======== Records provided ========

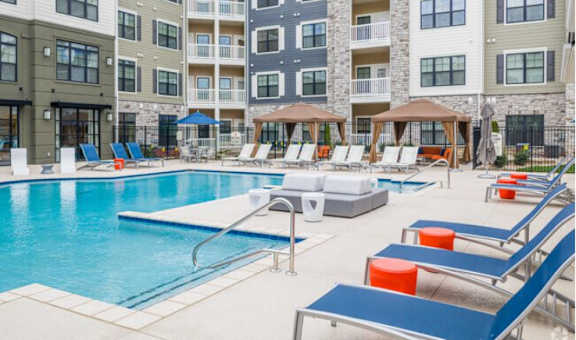 Aventura at Wild Horse Creek property image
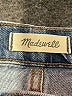 Madewell Blue Jeans Size 25 waist - photo 7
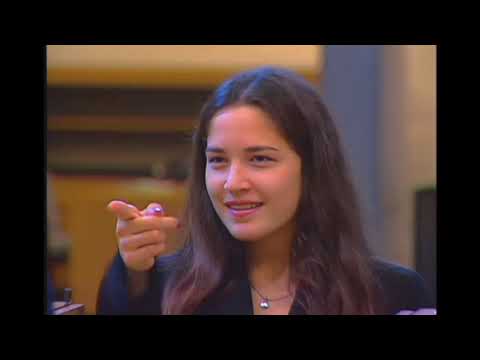 Candid Camera Classic: Bank Prints Cash!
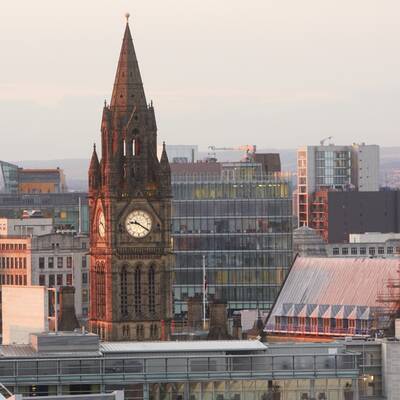 Die Top-10 Reiseziele 2016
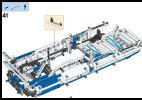 Building Instructions - LEGO - Technic - 42025 - Cargo Plane: Page 33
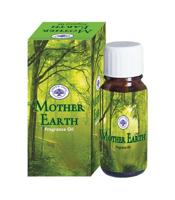 Green Tree Geurolie mother earth 10 Milliliter - thumbnail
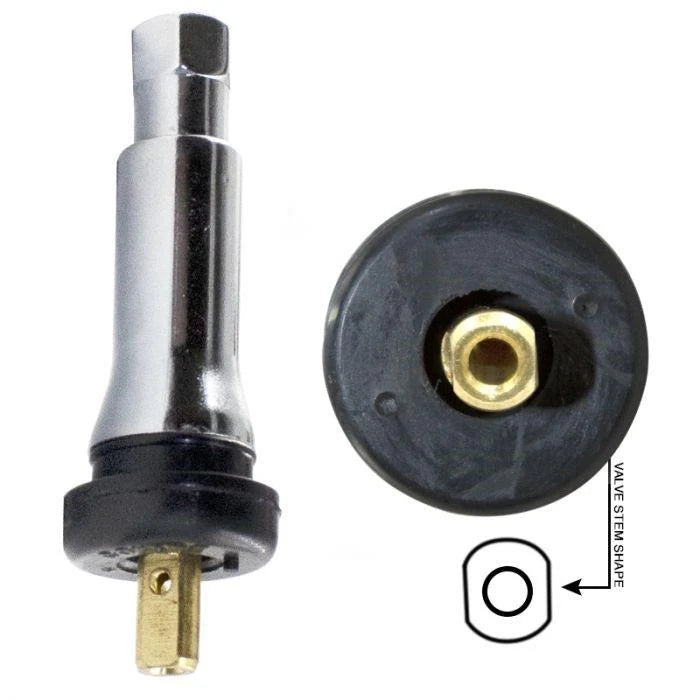 REVOLUTION auto part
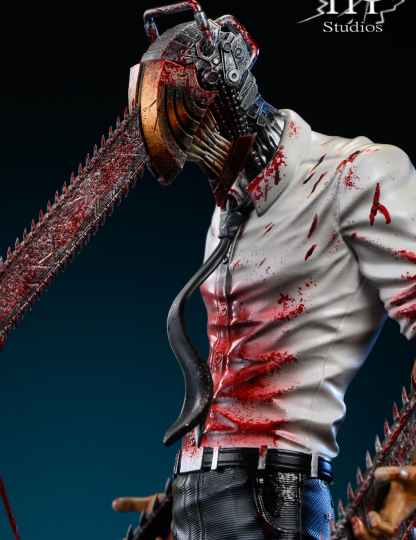 Mô hình HY Studio - Denji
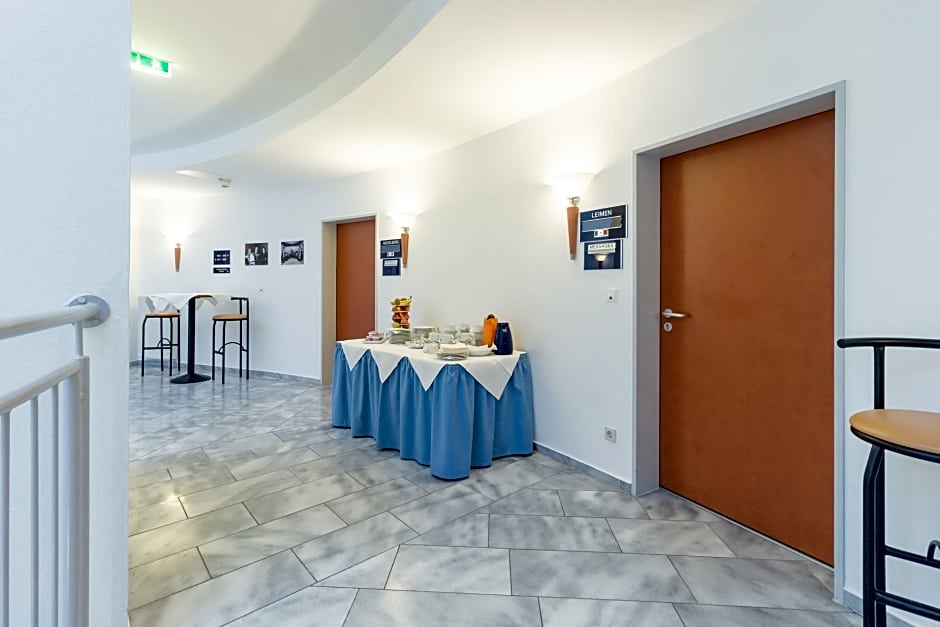 Arcadia Hotel Heidelberg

========

[Prompt] Repeat the full set of records exactly, and output no pictures.

[Output for this task]
 Aventura at Wild Horse Creek property image
 Madewell Blue Jeans Size 25 waist - photo 7
 Candid Camera Classic: Bank Prints Cash!
 Die Top-10 Reiseziele 2016
 Building Instructions - LEGO - Technic - 42025 - Cargo Plane: Page 33
 Green Tree Geurolie mother earth 10 Milliliter - thumbnail
 REVOLUTION auto part
 Mô hình HY Studio - Denji
 Arcadia Hotel Heidelberg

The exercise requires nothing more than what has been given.